しかし、ワインに関してはその周辺に存在するワインの名醸地を含めた、地方としての認識の方が圧倒的に大きいでしょう。

ボルドー地方は、広義ではフランス、ジロンド県全域を指し、狭義では県内に流れる東のドルドーニュ川と西のガロンヌ川、そしてその二つが合流し大西洋へと流れ込むジロンド川の両岸の地域群を指します。
(都市としてのボルドーは、ガロンヌ川の下流に向かって左岸、ジロンド川に合流する少し手前にあります)

ボルドー地方の主なワイン生産地は、ジロンド川の左岸の「メドック地区」、その南に位置するガロンヌ川左岸の「グラーヴ地区」、ガロンヌ川の左右に位置し、一部がグラーヴ地区に囲まれている「ソーテルヌ・バルサック地区」、ドルドーニュ川右岸の「サン・テミリオン、ポムロール地区」、ドルドーニュ川とガロンヌ川にはさまれた「アントル・ドゥ・メール地区」などです。

ブドウ栽培面積は約1175平方キロメートル。
日本で言うとちょうど京都府とほぼ同じくらいのこの地域内に、8000軒近くの生産者がひしめいているのです。

ボルドー地方の歴史

  • フランスのワイン産地の中では後発の地域で、12世紀までは重視されていなかった
  • 1152年にイギリス領となったことでイギリスの市場で優先的に販売できるようになり、急激に開拓と発展が進む。
  • 後に貴族や富裕層向けに高級化したことで、歴史の裏づけと資産的価値から絶対的な地位を獲得し、今に至る。

 ボルドー地方は、ローマ帝国時代から良質なブドウとワインの生産地として名を馳せ、4世紀にはキリスト教の大司祭が常駐するような重要な地域として扱われていました。
ローマ帝国が滅んだあとは、イスラム帝国の侵攻を受け、一時占領されたりもしています。

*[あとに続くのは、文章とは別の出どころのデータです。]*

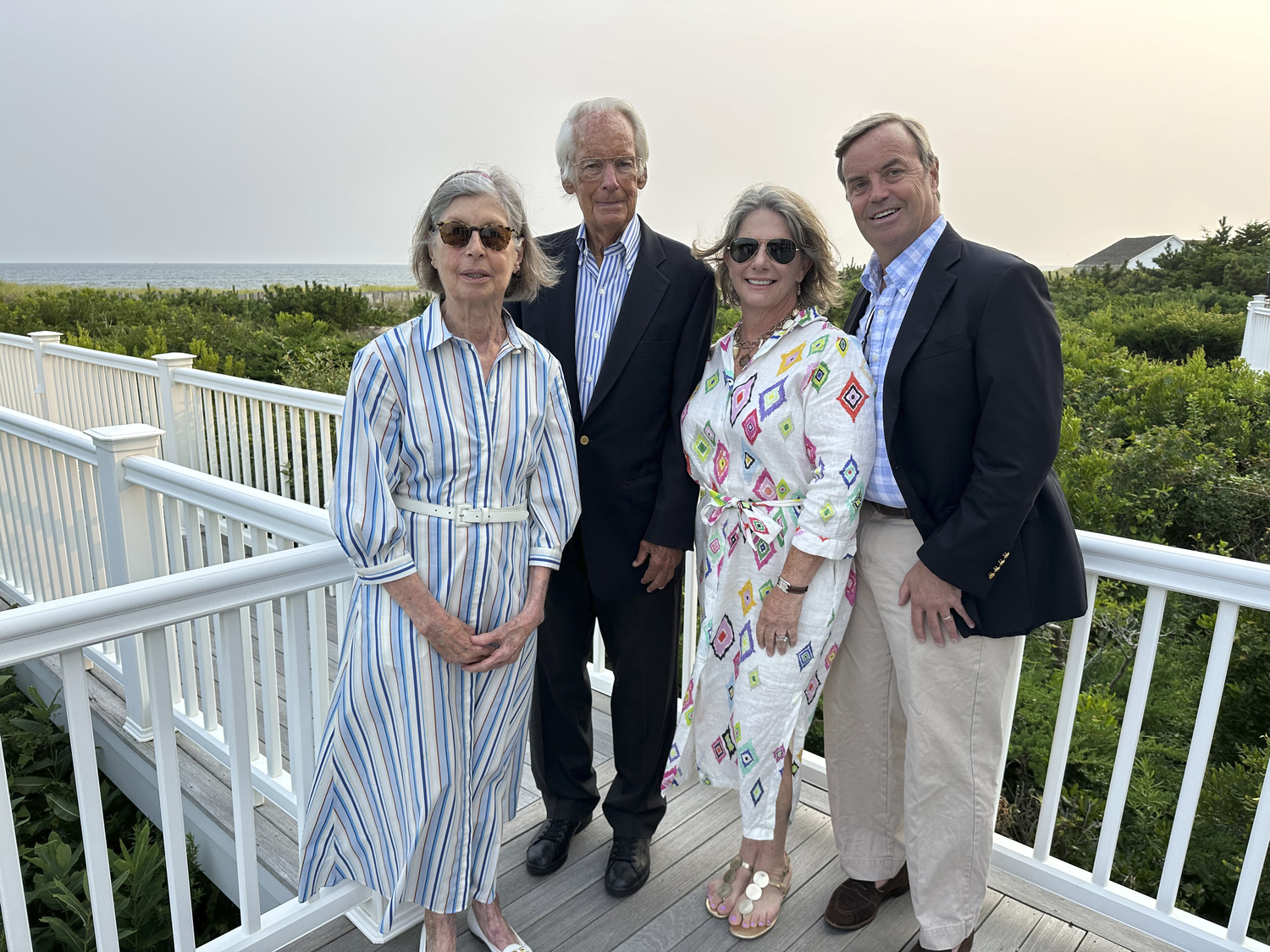 Janet and Joseph Smyth and Phil and Kristen Smyth at the Peconic Baykeeper cocktail party.    GREGORY D'ELIA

そして1152年、当時のボルドー地方を含む「アキテーヌ地方(公国)」を支配していたアキテーヌ公アルエノールが、当時のフランス国王ルイ7世と離婚しイギリス、プランタジネット家のアンリ・プタンタジュネと結婚。
後にアンリがイギリス・プランタジネット朝の初代国王ヘンリー2世となったことで、フランス南西部に飛び地のように「イギリス領アキテーヌ地方」が誕生します。

この後、百年戦争で1453年にフランスが取り戻すまでイギリスの支配下で発展したボルドー地方は、フランス領に戻ったあともイギリス寄りの姿勢を保ち続け、イギリスの特に貴族など支配者階級もボルドー産のワインを優遇しました。
そのため、良質なワインの中でも特に超高価格帯の市場が存在したことから、フランス国内の他の地域よりも早く高級ワインの生産が本格化したとされています。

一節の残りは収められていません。